**TASK DESCRIPTION:** Starting at the line that contains "Schoenen Dames Sneakers", write out every line through the end of the records exactly as it stands, and leave out all pictures.

== Segment start ==

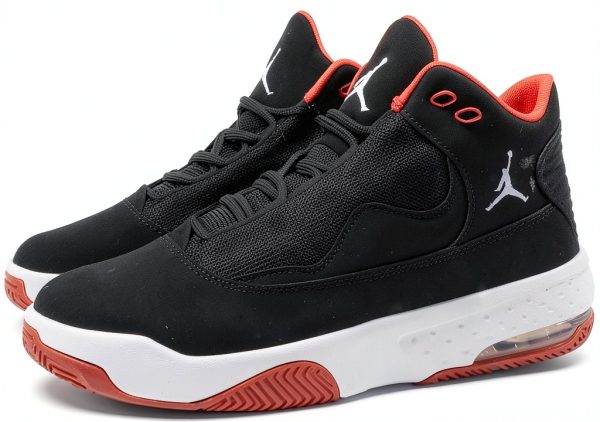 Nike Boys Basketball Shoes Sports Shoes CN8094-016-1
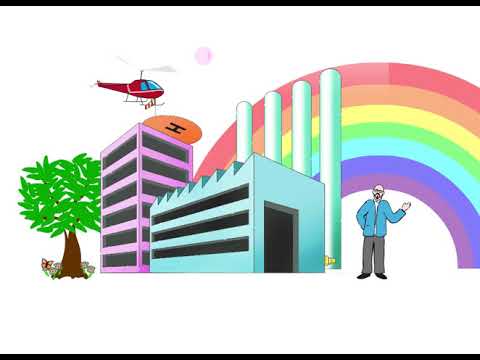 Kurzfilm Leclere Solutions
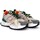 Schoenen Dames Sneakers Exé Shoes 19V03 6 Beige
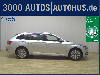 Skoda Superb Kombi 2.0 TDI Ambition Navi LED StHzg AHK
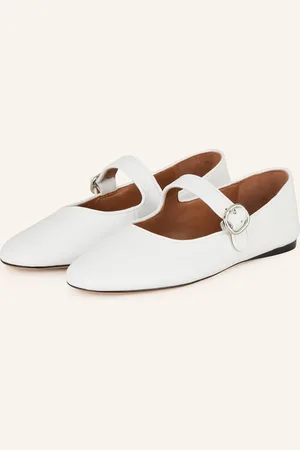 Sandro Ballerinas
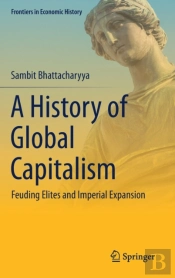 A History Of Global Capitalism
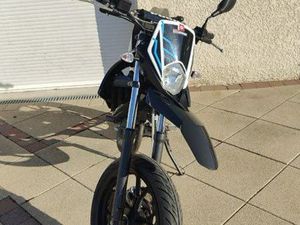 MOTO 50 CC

== Segment end ==

**COMPLETED EXERCISE:**
 Schoenen Dames Sneakers Exé Shoes 19V03 6 Beige
 Skoda Superb Kombi 2.0 TDI Ambition Navi LED StHzg AHK
 Sandro Ballerinas
 A History Of Global Capitalism
 MOTO 50 CC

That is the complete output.